A Blog To Last - Kevin Kuchta

A Blog To Last

How do you build software that will last more than a decade with no maintenance?

After about 10 years of maintaining kevinkuchta.com as a personal site slash blog, I finally had to rebuild it. It was a statically-generated Jekyll blog and I could no longer get a sufficiently old version of ruby to run. Updating to a recent ruby broke a few dependencies that I couldn’t fix without way more work than it was worth, and I had to admit it was time to redo this thing. And since my goal is to maintain this site with as little effort as possible, I found myself asking the above question– how do I set it up so I don’t have to rebuild anything for another 20 years?
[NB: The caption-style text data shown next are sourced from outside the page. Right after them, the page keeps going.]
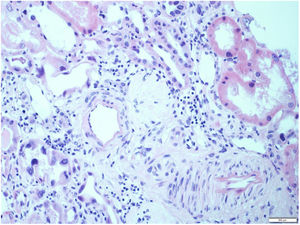Tubular cells with large, irregular and hyperchromatic nuclei, associated with acute tubular damage, lymphoplasmacytic inflammatory infiltrate, glomerular sclerosis and arteriosclerosis.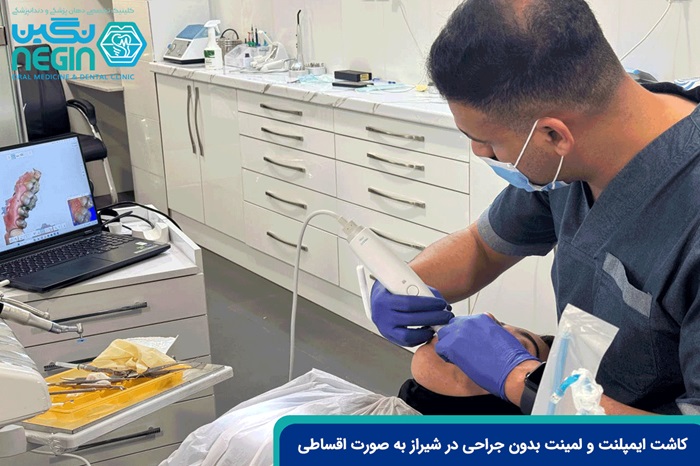 کاشت ایمپلنت و لمینت بدون جراحی در شیراز به صورت اقساطی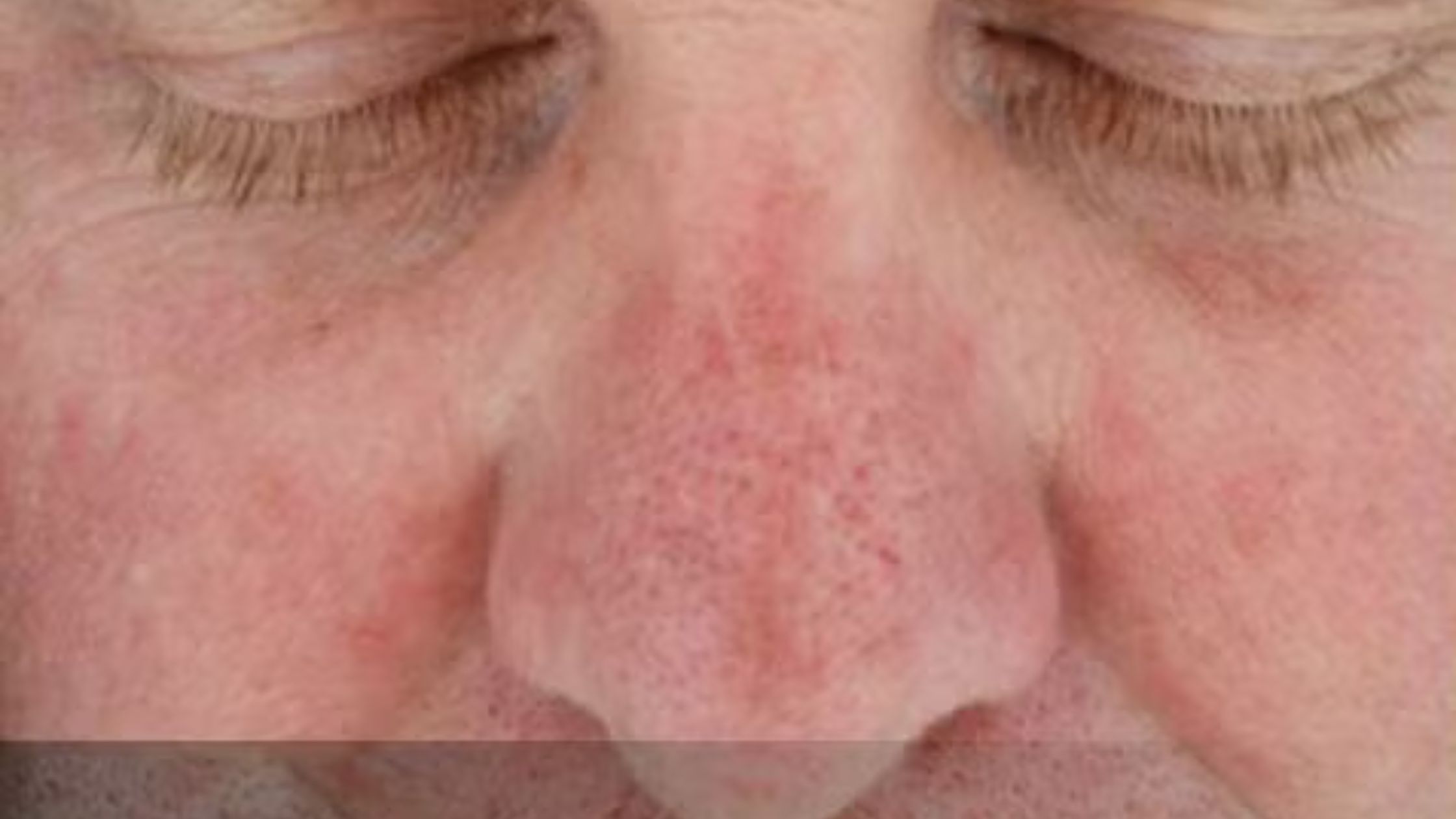 Can a Chemical Peel Help with Acne Scars and Dark Spots?
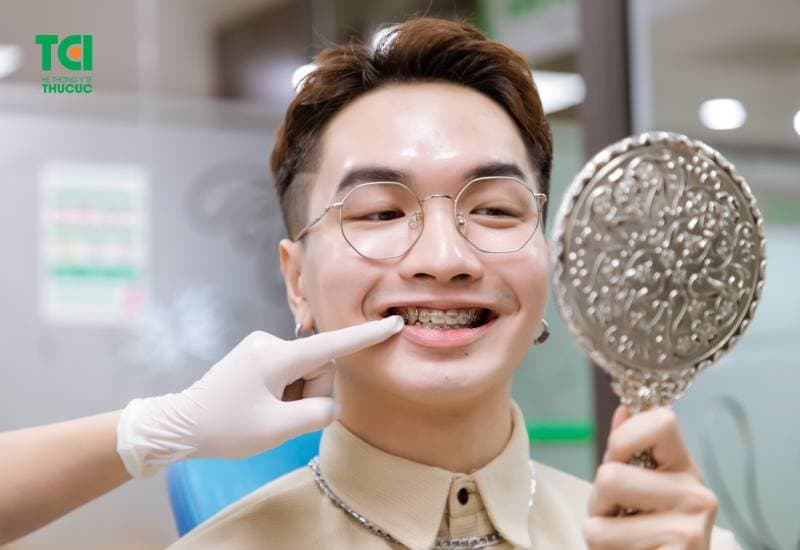 tìm hiểu Niềng răng mất bao lâu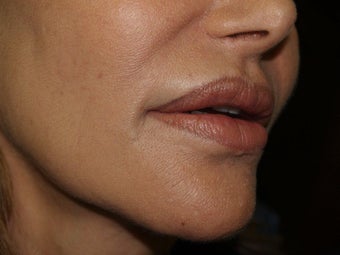 Lip Repair/Silicone Removal after 398105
Here’s my current approach:

  1. Stick to static site generation. Flat files can be hosted anywhere for cheap. Currently I’m using Netlify, but if they go belly-up I can switch to Cloudfront/S3 or any of a hundred other flat file hosting options with ease.
  2. Avoid Javascript. I spend a lot of my day job in and around single-page apps which rely on complicated and ever-changing tooling. There’s nothing inherently wrong with it, but it’s a tradeoff: you get developer productivity benefits at the cost of paying the tool churn tax. Given that I expect very little development effort to go into this site after it’s built, the tool churn tax is way higher than I want to pay here!
  3. Hew close to web standards. I think there’s a lot of value in css/js/html preprocessors and tools of that nature. I’d much rather write HAML for HTML or SASS for css, but that’s more tooling that can break. In fact, hacking HAML support into Jekyll was one of the things that sunk the last version of this blog. As such, I’m writing raw HTML with raw, modern CSS. I really miss basic things like SASS nesting + variable (native CSS variables are useful but still have a lot of gaps), but I’ll live.
  4. Use tools that have existed for at least a decade. In this case, I’m sticking to Jekyll. It kinda stagnated for a bit in the mid-2010s, but seems active and stable these days.

With any luck, this blog will still be live in 2034 and won’t need any rewrites by then!